Sometimes, when the spirited defense of the current PILOT program begins, it seems to lose touch with reality.

In the consultant’s report recommending the overhaul of the current tax incentives program, this is what’s written on page 57 in defense of the $60 million worth of tax freezes:

“During the interviews, general benefits of the PILOT Program were discussed. Such benefits include the following:

“1 – FedEx Corporate Campus – fueling Memphis’ economy. The PILOT program helped make Memphis an attractive place to do business and help secure high paying professional jobs. In addition, FedEx campus has stimulated significant growth in the immediate area of the FedEx campus in terms of retail, hotel, and resident development.

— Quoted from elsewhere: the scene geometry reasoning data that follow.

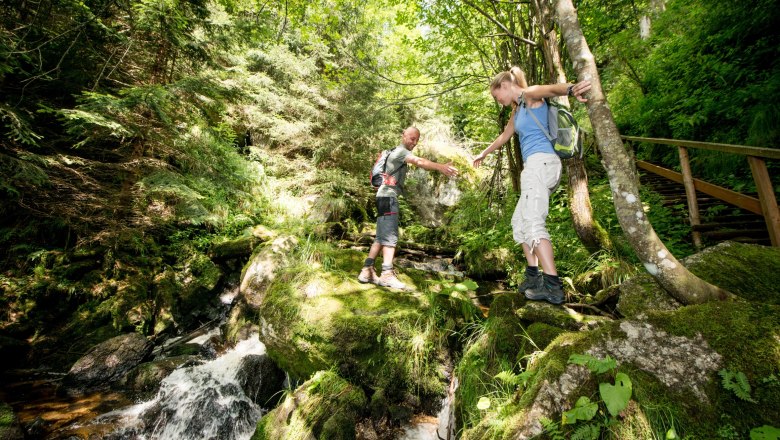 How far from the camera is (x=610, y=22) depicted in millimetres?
6414

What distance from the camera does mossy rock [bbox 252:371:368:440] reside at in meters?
3.03

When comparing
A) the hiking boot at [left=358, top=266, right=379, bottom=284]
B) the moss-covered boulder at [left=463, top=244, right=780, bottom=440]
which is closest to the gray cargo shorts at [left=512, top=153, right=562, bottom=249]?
the moss-covered boulder at [left=463, top=244, right=780, bottom=440]

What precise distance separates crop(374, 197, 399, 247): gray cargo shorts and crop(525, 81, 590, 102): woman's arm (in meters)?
2.26

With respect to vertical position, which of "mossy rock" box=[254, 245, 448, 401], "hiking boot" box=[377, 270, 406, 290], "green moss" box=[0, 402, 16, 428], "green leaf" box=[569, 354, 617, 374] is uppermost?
"hiking boot" box=[377, 270, 406, 290]

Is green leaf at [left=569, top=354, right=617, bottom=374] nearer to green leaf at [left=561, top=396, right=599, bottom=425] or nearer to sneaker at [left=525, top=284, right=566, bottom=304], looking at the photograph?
green leaf at [left=561, top=396, right=599, bottom=425]

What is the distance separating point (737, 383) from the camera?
1.59 meters

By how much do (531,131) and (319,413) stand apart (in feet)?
12.0

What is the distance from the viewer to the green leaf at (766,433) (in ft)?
4.47

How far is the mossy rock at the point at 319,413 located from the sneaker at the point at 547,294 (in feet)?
7.15

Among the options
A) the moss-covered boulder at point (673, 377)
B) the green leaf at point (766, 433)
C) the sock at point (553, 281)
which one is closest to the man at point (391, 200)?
the sock at point (553, 281)

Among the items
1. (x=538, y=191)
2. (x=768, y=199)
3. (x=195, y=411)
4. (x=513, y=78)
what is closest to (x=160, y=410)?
(x=195, y=411)

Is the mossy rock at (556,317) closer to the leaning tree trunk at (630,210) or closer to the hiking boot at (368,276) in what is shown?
the leaning tree trunk at (630,210)

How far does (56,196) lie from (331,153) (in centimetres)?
744

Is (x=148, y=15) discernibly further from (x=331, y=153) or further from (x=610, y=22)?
(x=610, y=22) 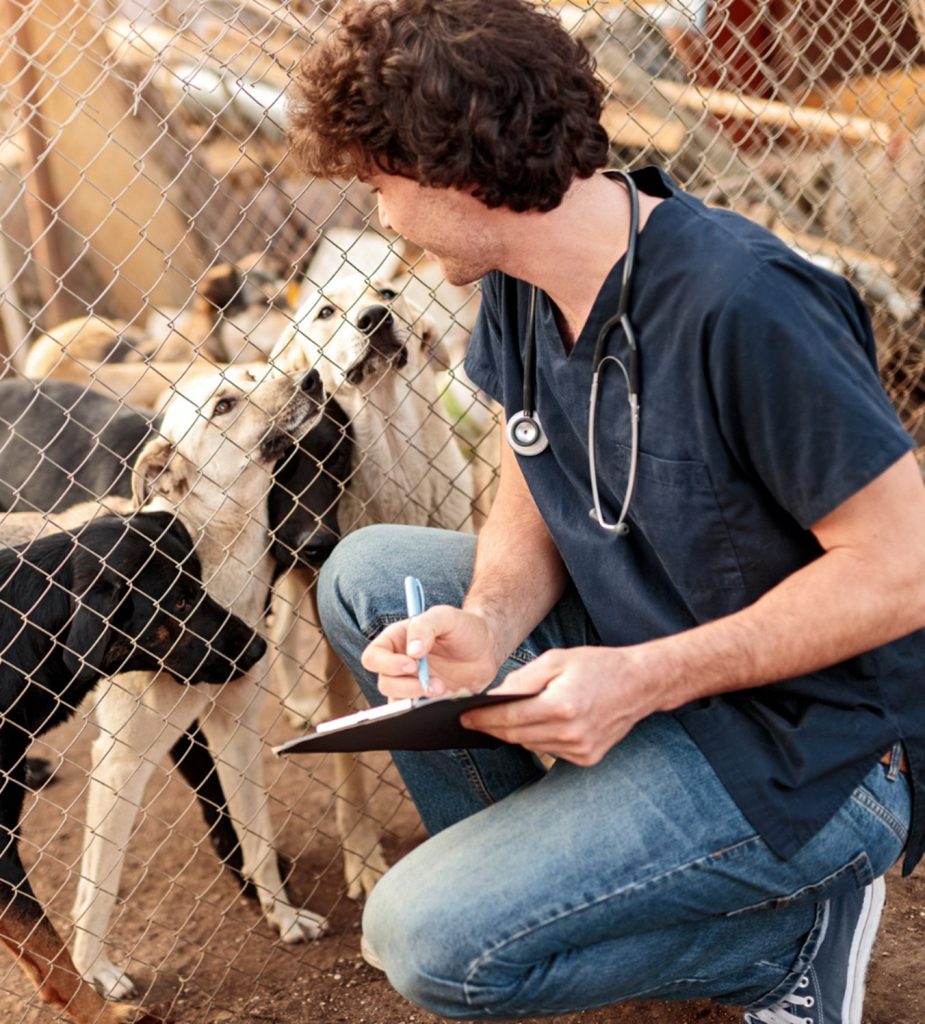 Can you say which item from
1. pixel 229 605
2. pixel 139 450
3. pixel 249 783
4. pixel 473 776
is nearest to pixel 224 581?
pixel 229 605

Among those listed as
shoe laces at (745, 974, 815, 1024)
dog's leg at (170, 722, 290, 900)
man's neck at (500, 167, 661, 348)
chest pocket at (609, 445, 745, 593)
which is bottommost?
dog's leg at (170, 722, 290, 900)

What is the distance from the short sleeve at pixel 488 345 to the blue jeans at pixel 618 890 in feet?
2.34

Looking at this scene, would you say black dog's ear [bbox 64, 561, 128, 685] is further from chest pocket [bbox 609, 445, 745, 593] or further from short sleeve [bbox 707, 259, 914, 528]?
short sleeve [bbox 707, 259, 914, 528]

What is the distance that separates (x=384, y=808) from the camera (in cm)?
343

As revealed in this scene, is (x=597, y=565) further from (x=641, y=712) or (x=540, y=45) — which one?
(x=540, y=45)

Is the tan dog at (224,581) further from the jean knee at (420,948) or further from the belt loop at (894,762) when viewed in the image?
the belt loop at (894,762)

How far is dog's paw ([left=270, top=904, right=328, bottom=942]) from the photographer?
2936 mm

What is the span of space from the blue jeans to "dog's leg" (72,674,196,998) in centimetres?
101

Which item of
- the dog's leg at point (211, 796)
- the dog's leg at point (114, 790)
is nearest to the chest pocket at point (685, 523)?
the dog's leg at point (114, 790)

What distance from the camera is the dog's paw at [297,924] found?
2936 millimetres

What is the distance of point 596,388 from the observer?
75.3 inches

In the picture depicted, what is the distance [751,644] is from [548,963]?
0.58 meters

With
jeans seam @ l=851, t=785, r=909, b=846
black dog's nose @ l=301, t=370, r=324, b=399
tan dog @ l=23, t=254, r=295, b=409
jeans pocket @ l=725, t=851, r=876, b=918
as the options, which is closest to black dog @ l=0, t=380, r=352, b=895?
black dog's nose @ l=301, t=370, r=324, b=399

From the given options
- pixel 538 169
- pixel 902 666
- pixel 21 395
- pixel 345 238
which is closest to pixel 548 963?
pixel 902 666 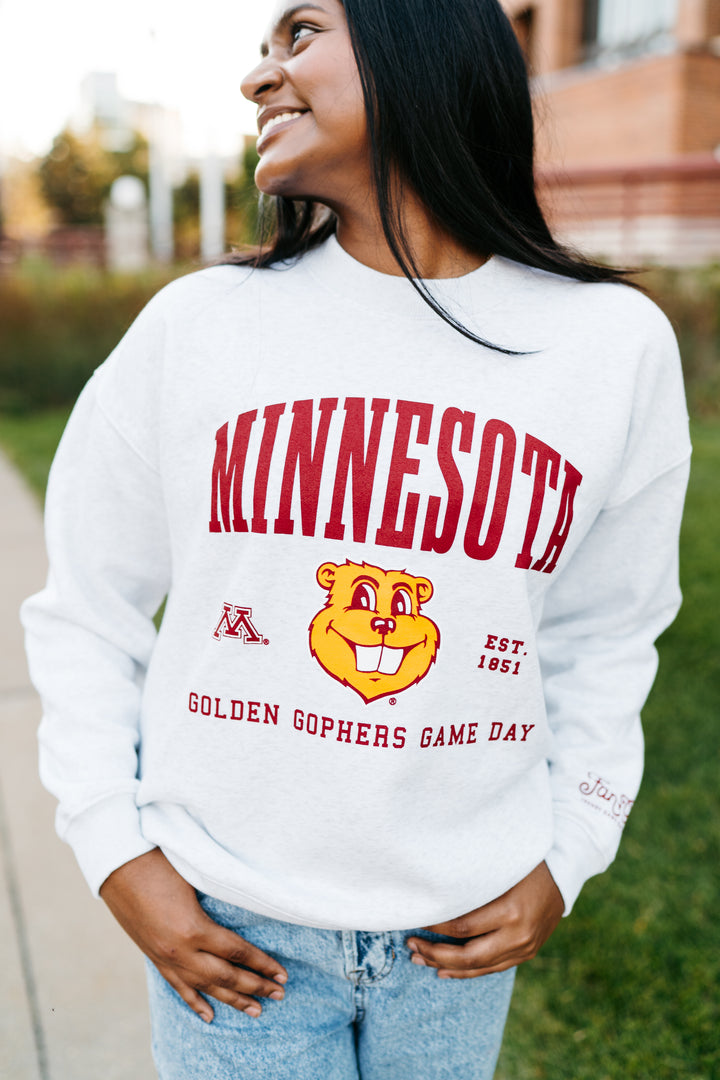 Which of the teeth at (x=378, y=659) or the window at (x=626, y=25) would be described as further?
the window at (x=626, y=25)

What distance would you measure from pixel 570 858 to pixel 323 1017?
0.38 metres

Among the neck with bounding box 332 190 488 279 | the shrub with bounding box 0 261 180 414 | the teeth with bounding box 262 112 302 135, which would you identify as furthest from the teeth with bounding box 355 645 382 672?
the shrub with bounding box 0 261 180 414

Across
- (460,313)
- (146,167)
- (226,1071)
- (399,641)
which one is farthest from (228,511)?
(146,167)

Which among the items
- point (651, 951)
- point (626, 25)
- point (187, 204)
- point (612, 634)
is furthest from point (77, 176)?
point (612, 634)

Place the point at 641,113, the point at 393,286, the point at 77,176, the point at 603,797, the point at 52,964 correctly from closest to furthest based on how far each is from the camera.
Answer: the point at 393,286, the point at 603,797, the point at 52,964, the point at 641,113, the point at 77,176

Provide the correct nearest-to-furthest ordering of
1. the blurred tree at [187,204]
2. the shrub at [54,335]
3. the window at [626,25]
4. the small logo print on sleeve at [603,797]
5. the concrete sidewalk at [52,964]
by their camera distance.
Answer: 1. the small logo print on sleeve at [603,797]
2. the concrete sidewalk at [52,964]
3. the shrub at [54,335]
4. the window at [626,25]
5. the blurred tree at [187,204]

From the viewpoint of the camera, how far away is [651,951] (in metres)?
2.52

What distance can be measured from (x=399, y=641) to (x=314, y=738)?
150 millimetres

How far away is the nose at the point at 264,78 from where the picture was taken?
1177 mm

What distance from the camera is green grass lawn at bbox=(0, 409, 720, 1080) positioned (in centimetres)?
221

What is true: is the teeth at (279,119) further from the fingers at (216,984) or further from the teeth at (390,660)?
the fingers at (216,984)

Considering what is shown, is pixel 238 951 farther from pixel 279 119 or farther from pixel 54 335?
pixel 54 335

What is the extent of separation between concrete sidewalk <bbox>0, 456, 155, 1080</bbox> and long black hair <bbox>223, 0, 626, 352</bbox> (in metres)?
1.84

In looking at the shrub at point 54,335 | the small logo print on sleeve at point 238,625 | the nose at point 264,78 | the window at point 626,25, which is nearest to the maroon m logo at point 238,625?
the small logo print on sleeve at point 238,625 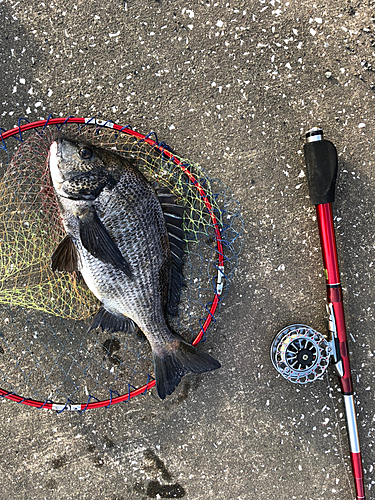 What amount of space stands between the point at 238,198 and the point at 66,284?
129 centimetres

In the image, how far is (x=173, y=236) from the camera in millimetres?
1906

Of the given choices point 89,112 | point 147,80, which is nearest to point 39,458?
point 89,112

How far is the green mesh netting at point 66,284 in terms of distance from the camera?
208 cm

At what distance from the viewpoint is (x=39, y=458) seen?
2.22 metres

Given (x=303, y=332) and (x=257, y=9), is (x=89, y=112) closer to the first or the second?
(x=257, y=9)

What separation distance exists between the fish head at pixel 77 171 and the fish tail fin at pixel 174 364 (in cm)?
98

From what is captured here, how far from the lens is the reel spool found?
2014 millimetres

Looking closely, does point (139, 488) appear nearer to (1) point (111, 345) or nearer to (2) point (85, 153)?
(1) point (111, 345)

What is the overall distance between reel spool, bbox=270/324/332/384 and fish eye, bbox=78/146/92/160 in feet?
5.28

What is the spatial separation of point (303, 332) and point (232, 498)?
1278 millimetres

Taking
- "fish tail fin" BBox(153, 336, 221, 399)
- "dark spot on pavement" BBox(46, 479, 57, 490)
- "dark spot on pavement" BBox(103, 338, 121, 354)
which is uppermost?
"dark spot on pavement" BBox(103, 338, 121, 354)

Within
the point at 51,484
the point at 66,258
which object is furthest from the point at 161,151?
the point at 51,484

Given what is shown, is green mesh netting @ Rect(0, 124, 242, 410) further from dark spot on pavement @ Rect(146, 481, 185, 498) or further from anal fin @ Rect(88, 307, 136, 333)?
dark spot on pavement @ Rect(146, 481, 185, 498)

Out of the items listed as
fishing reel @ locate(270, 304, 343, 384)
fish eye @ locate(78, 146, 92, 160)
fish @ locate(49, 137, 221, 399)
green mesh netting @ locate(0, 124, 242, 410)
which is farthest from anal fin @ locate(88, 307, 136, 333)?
fishing reel @ locate(270, 304, 343, 384) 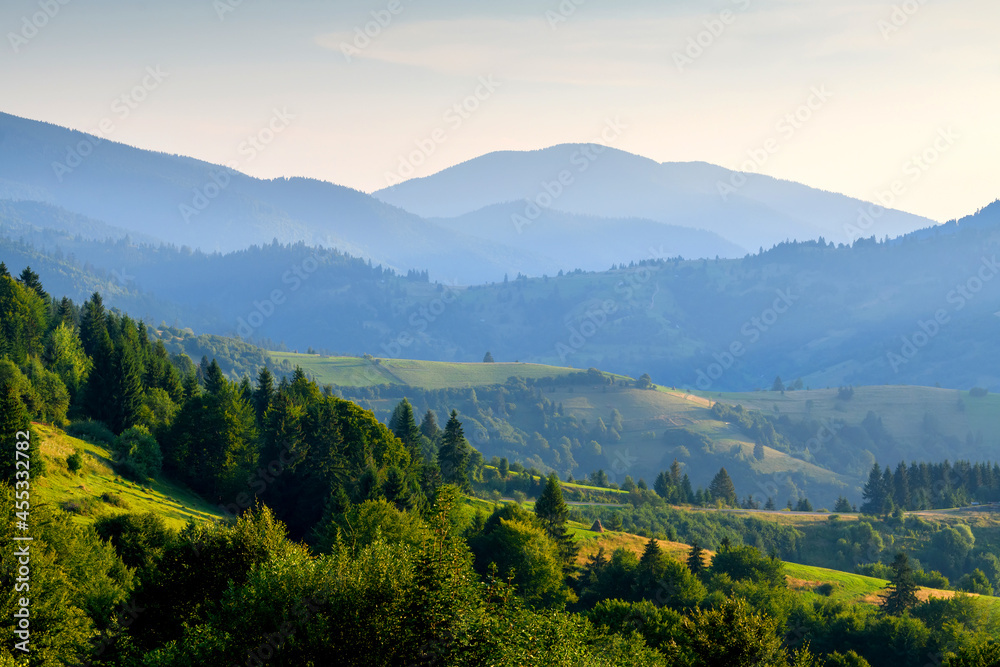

“2 – PILOTs help fill vacant properties which, if left vacant, would simply ‘pull down’ the market values of surrounding properties. This could have a cumulative effect, which could ‘pull down’ the broader tax base, which could potentially require an increase in property tax rates to maintain local tax revenues at the same level.”

Amazing. Just amazing.

If there is a more striking indictment of the failure of vision in this community, it is the area of the FedEx World Headquarters. There, we had major expansion by the company that invented global commerce, by the company that is the state’s largest employer and by the company that is the hub of innovation for Memphis and Shelby County. We had the chance to transform the area into one of the nation’s premiere business centers – complete with technology centers, research firms and first class office space – by exploiting the interest of all the companies drawn by FedEx’s gravitational pull.

Instead, we chose to allow the area to become just another generic, derivative area unlike what is found off most exits of I-40 and Tennessee 385.

If defenders of the PILOT program can brag about how the FedEx corporate campus fueled Memphis’ economy, it can only serve as further indictment of the thinking that gave birth to the tax freezes program as it now exists.

The area around FedEx is all about missed opportunities. So is the PILOTs program.

Surely, if we should have seized just one chance to shape a singularly powerful economic anchor for our region, one that could have come to symbolize the vibrancy of Memphis, it should have been the area of Hacks Cross and Winchester Roads.

So what did our lack of vision bring us? A FedEx World Headquarters surrounded by suburban shopping centers; a concentration of big box retail – Costco, Wal-Mart, Target, Lowe’s, Sportsman’s Warehouse and Sam’s Town; at least 31 restaurants (we lose count), an impressive array of fast food and chain places; the hotel – a Holiday Inn Express; two cell phone stores; cash advance stores; an uninspired Starbucks; Michael’s; PetSmart; Walgreen’s; and, well, you get the picture.

In case you missed the big news, the Shelby County Board of Commissioners has paved (pun intended) the way for a new Nissan dealership to be added to the mix.

At the intersection that should have been Memphis’ prime location stands a drug store, a gas station and a bank.

Also, proponents of the PILOTs told consultants that the tax freezes help fill vacant properties. Again, it’s as if they don’t drive around in this county. While there is warehouse after warehouse in Southeast Shelby County (with most not paying taxes), there is nothing that the PILOTs program has done to revive the multi-modal centers that stand along I-55 between I-240 and Riverside Drive as sad reminders of the abandonment of the urban core.

These are the facilities that were once thriving hubs of activity for Memphis’ distribution industry, but instead of giving incentives to keep them healthy and to optimize the existing infrastructure already paid for there, PILOTs were used as incentives for green field development of the distribution business. These vacant rail and truck yards are stark proof that the PILOTs program, as it now exists, is all about real estate development, not economic development.